I have been to this rest house last year, and though I couldn't spend the night then due to paucity of time, I had promised to treat myself to a night here some day. And the unexpected rains presented an opportunity to do just that. Set high up in the mountains, this is no ordinary rest house when it comes to the location, going by HPPWD or even GMVN rest house standards. Kinner Kailash is just a peek outside the window, and so is the chain of snow covered mountains peaks on either sides of the revered Kinner Kailash Mountain. The close proximity of the rest house to these peaks is what makes it different from other “Snow View” hotels and rest houses. And Roghi being no city or town, there is nothing to distract the view that lies in front of us. Looking down, we have an astounding view of the deep valley, whose floor is not even visible from the high perch that this Rest house is. Settling down on an easy chair at the wooden balcony, sipping tea, we were left spellbound by the view ahead of us, as we caught the last rays of the sun gleaming off the snow from the chain of high mountain peaks.
The rest house has just 2 rooms, with bare minimum amenities, which is understandable, since the rest house practically receives no visitors. And it is no easy task reaching this rest house either, unless you are an expert handling a 4x4 or good with riding a motorcycle up a steep slippery rocky stretch that comes about a kilometer before the rest house. Of course, there is always the option to park and hike that last kilometer, as I had to do last year, after unsuccessfully trying to ride over that tricky stretch. But then, it seems not many people are prepared to do that, and instead prefer the comfort of riding/driving into the driveway of many a Guest house that Kalpa has on offer.
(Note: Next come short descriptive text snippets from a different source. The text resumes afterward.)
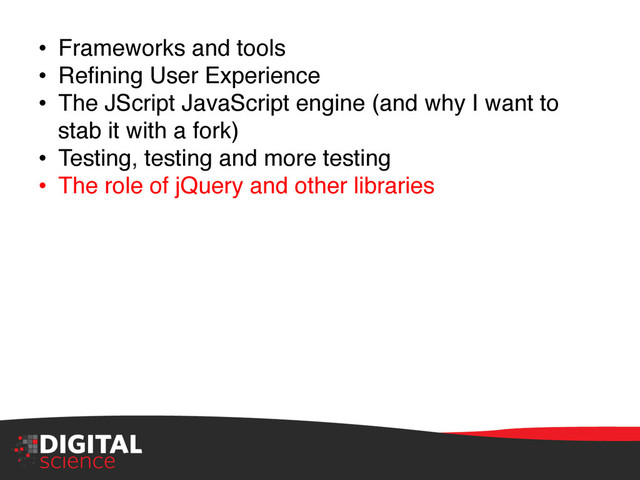 •  Frameworks and tools"
•  Reﬁning User Experience"
•  The JScript JavaScript engine (and why I want to
stab it with a fork)"
•  Testing, testing and more testing"
•  The role of jQuery and other libraries"
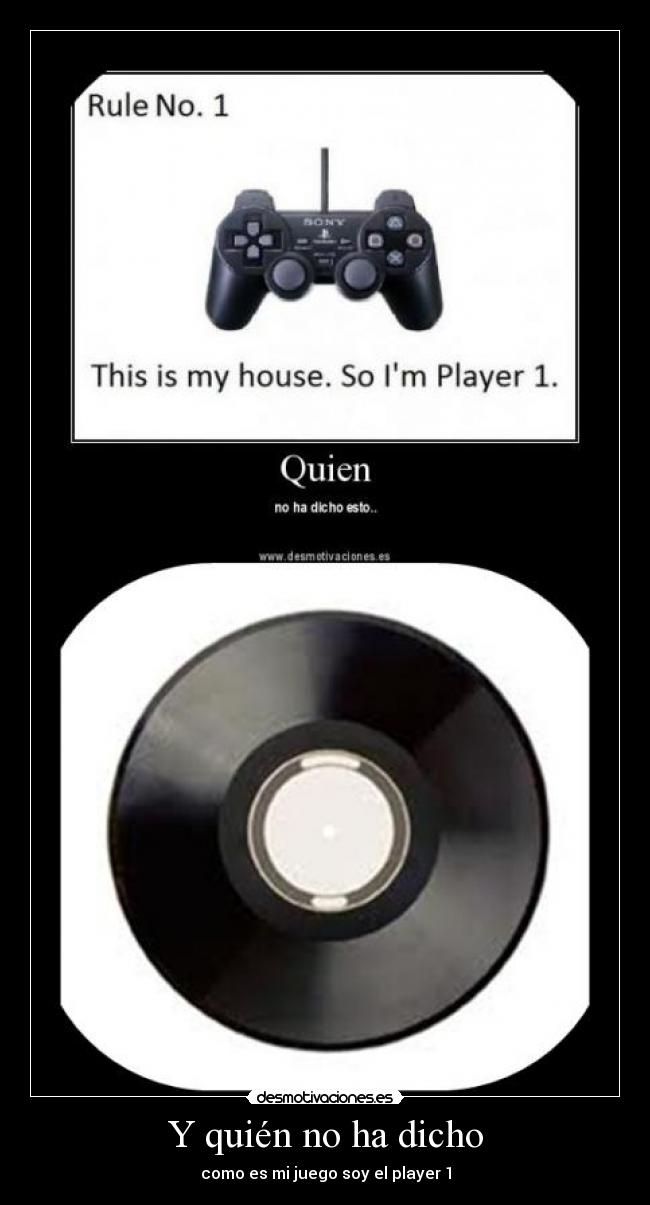 Y quién no ha dicho - como es mi juego soy el player 1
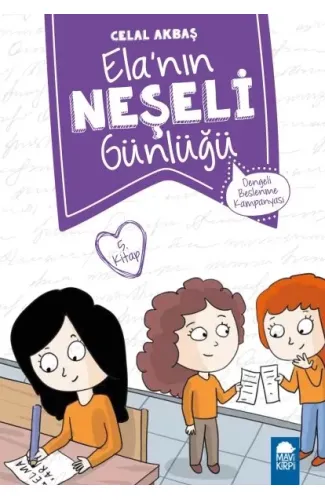 Dengeli Beslenme Kampanyası - Elanın Neşeli Günlüğü 2. Sınıf
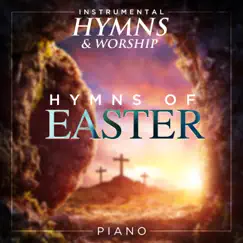 Hymns of Easter by Instrumental Hymns and Worship album reviews, ratings, credits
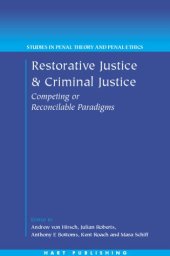 book Restorative Justice and Criminal Justice (Studies in Penal Theory and Penal Ethics)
The day started with tea at about 8 in the morning in a small 2 room hotel in Chitkul run by a family. Neat and clean bathroom, double bed and hot running water; this was a good enough package for 300 Rs. In places as remote as Chitkul, one doesn't really have to worry about not having a closed parking space. In any case, our bikes were parked right outside our room, on the ground and the only floor. The hotel is located at the outskirts of Chitkul village.
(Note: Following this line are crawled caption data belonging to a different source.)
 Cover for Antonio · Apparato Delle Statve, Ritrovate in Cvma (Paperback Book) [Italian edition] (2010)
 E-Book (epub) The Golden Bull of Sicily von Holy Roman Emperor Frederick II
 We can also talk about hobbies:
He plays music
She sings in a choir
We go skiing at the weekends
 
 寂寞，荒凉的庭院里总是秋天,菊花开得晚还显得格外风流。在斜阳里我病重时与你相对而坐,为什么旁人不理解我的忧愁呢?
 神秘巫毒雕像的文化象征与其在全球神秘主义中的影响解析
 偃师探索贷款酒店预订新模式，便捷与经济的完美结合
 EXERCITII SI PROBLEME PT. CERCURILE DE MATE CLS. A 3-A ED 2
The village itself is neatly planned, making wonderful use of a stream that flows down from the mountains above. Last evening, as we took a walk up the pathway that goes through the village, we came across chakkispowered by water neatly diverted from the stream using hollowed out wooden logs. The chakki itself is housed inside a small enclosure, and is connected to a turbine below that drives the chakki. Water diverted using the wooden log turns the turbine.
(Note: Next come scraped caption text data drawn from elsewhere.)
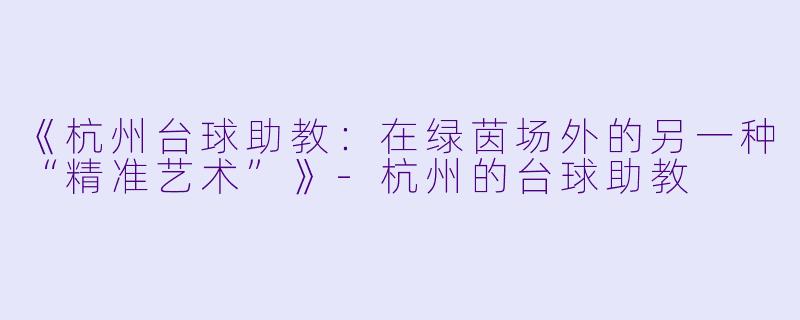 《杭州台球助教：在绿茵场外的另一种“精准艺术”》-杭州的台球助教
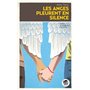 ANGES PLEURENT EN SILENCE (LES)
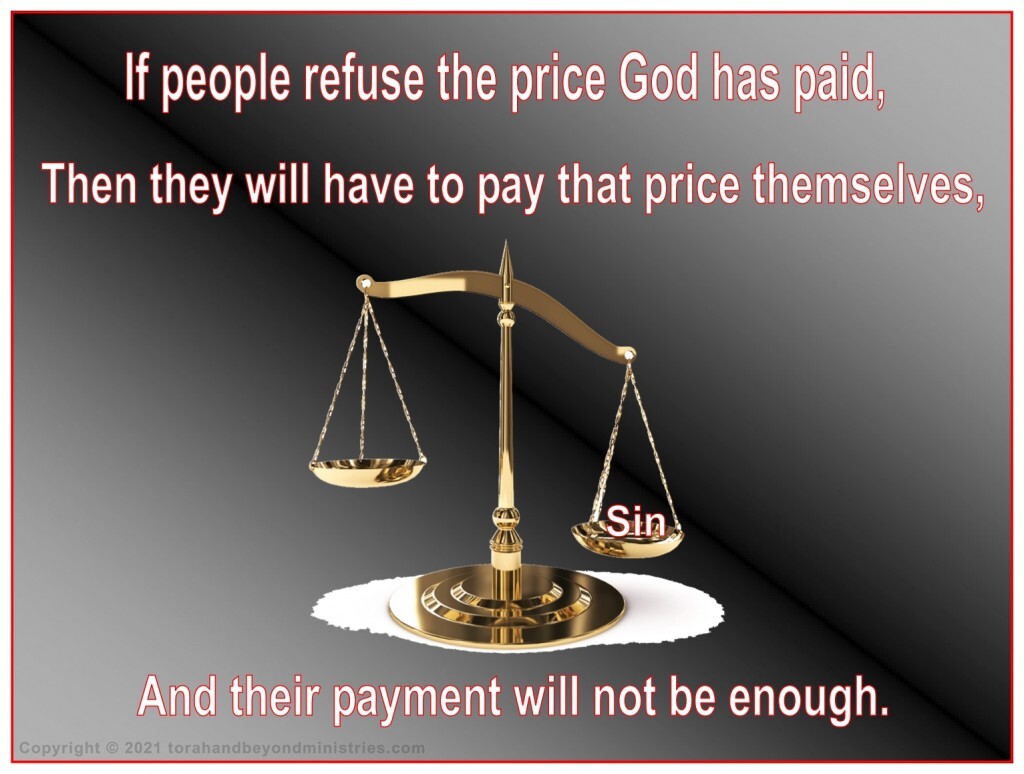 If you refuse the gift, you still owe for your sins. You don't have enough to pay even if you give ALL your blood. 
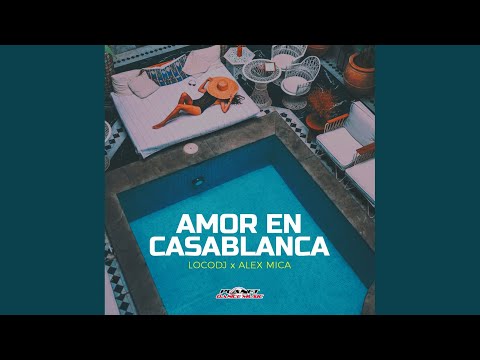 Amor En Casablanca (Extended Mix)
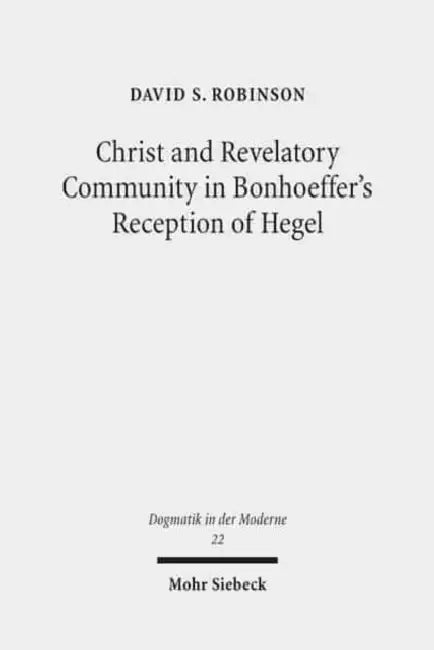 Christ and Revelatory Community in Bonhoeffer's Reception of Hegel by David S. Robinson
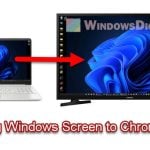 Cast Windows Screen to Chromecast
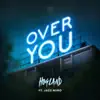 Over You (feat. Jazz Mino) - Single album lyrics, reviews, download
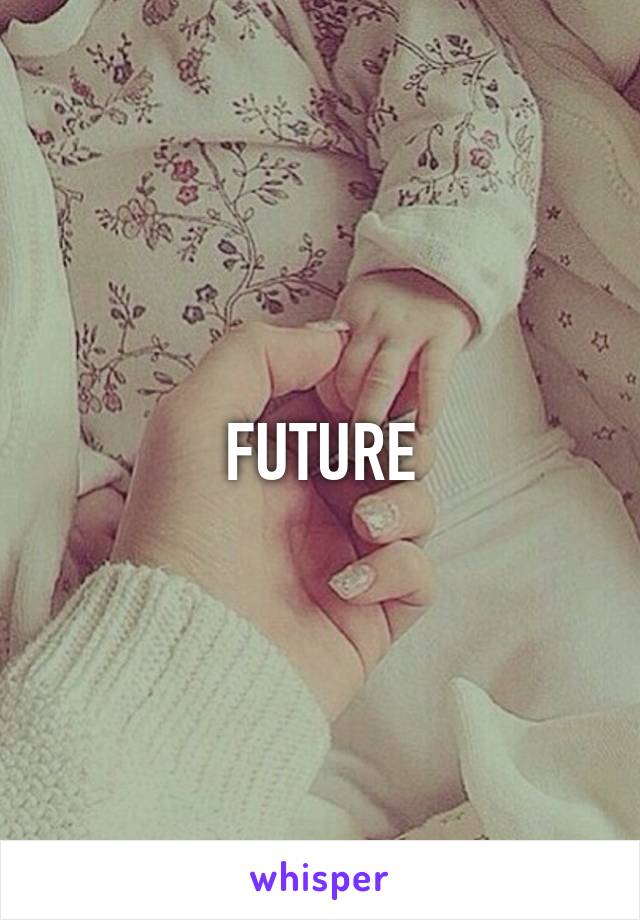 FUTURE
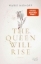 Buchcover und Innenansicht für das Buch: The Queen Will Rise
Houses are constructed mostly using wood, with the newer houses having a tin roof while the older ones had elegant roofs shaped out of stone slabs. The kind of construction style did give a mystic look to the whole place. We walked through the village, shooting people and things we found interesting.
The pathway through the village leads to a trekking route that goes all the way to Pooh over the high mountains. Dixit was not wearing shoes, so once the cemented path ran out, he had trouble climbing the steep trek path. So on I went alone, planning to turn back as soon as the sun sets. The path climbed higher and higher, bringing me closer to the snow peaks and glaciers on the adjoining mountains. Also, it gave me a bird's eye view of the whole of Chitkul. After a certain point, there was a descent in the path. I preferred not to proceed further, and waited as the sun went down, casting its golden rays on the snowy peaks that surrounded me.
This was just what I had hoped to see when we started for the day from the rest house at Bawanagar. The ride from Bawanagar was pleasant once we got away from the highway towards Sangla at Karcham, away from the dusty roads and dumpers carrying stuff from or to the dam construction sites. Soon, we had snow peaks in view, and we got closer and closer to them as we gained elevation on our way towards Sangla and then Chitkul. Except for the first and the last days, this was a pretty relaxed trip, with plenty of stops for photography, and we still reached our destination and checked into a hotel or rest house well before sunset.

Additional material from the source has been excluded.